─── SOURCE RECORDS
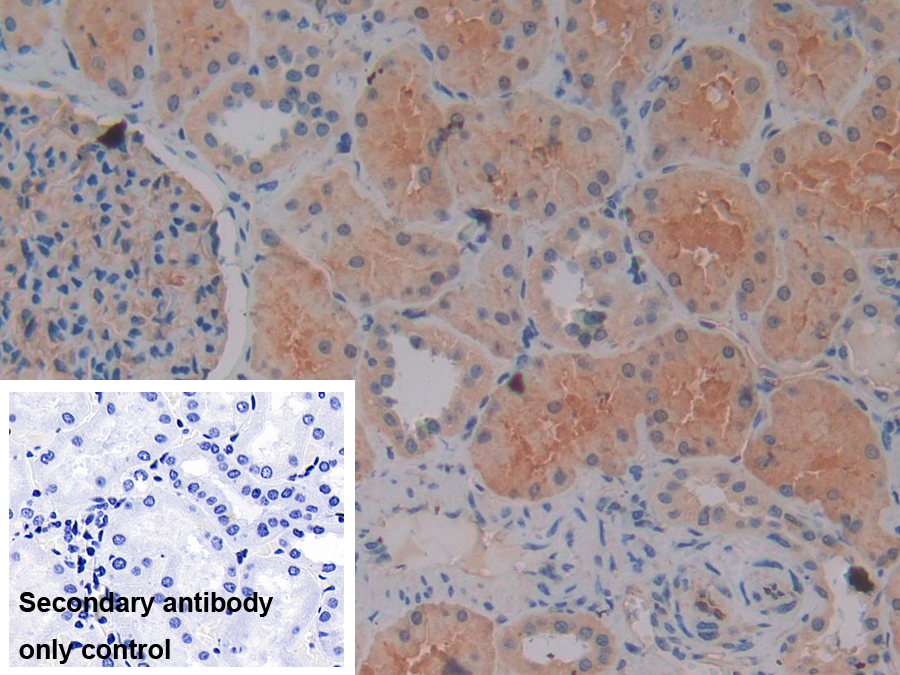 Polyclonal Antibody to Sodium Hydrogen Exchange Regulatory Cofactor 2 (SLC9A3R2)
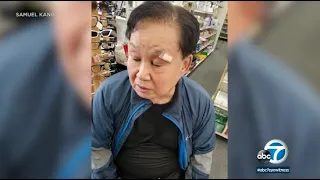 Asian-American victim of Koreatown assault terrified after suspect released within hours of arrest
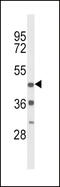 Dopamine Receptor D4 antibody, 63-631, ProSci, Western Blot image 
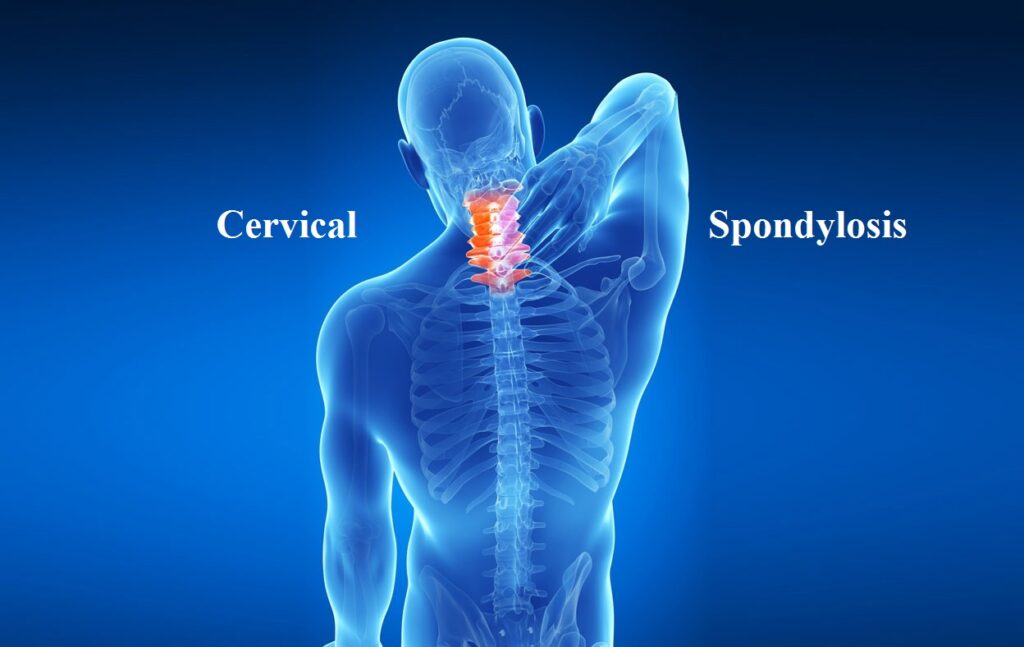 cervical spondylosis Ayurvedic treatment
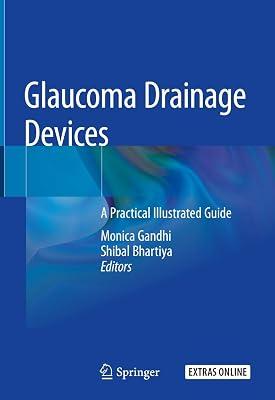 Glaucoma Drainage Devices: A Practical Illustrated Guide | Hardcover | Ophthalmology 2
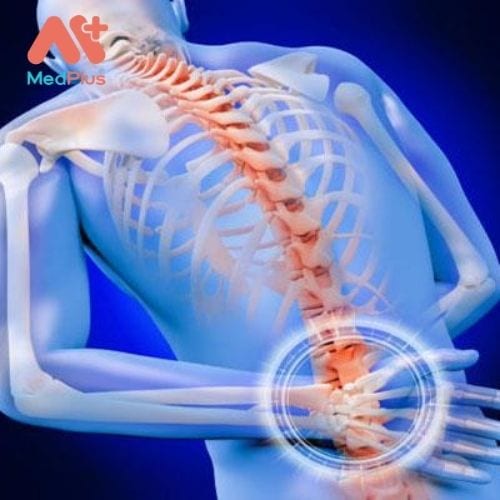 Đau lưng là tình trạng người bệnh thường xuyên xuất hiện các cơn đau ê nhức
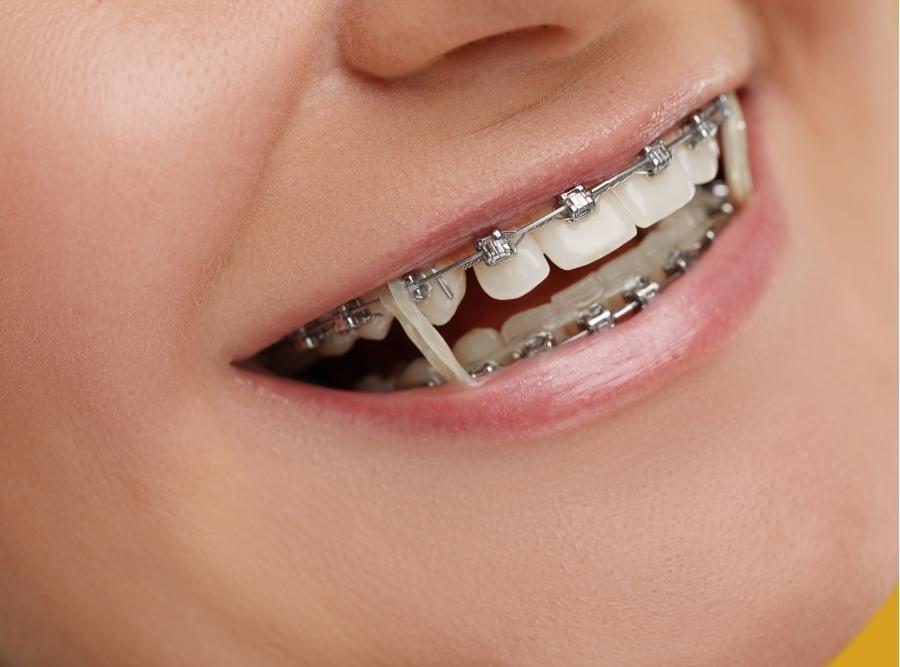 Smiling Woman with Dental Braces and Orthodontic Elastics,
──────
WHAT THIS TASK INVOLVES: None of the pictures should appear, though every line of the data above must be reproduced exactly.

EXERCISE RESULT:
 Polyclonal Antibody to Sodium Hydrogen Exchange Regulatory Cofactor 2 (SLC9A3R2)
 Asian-American victim of Koreatown assault terrified after suspect released within hours of arrest
 Dopamine Receptor D4 antibody, 63-631, ProSci, Western Blot image 
 cervical spondylosis Ayurvedic treatment
 Glaucoma Drainage Devices: A Practical Illustrated Guide | Hardcover | Ophthalmology 2
 Đau lưng là tình trạng người bệnh thường xuyên xuất hiện các cơn đau ê nhức
 Smiling Woman with Dental Braces and Orthodontic Elastics,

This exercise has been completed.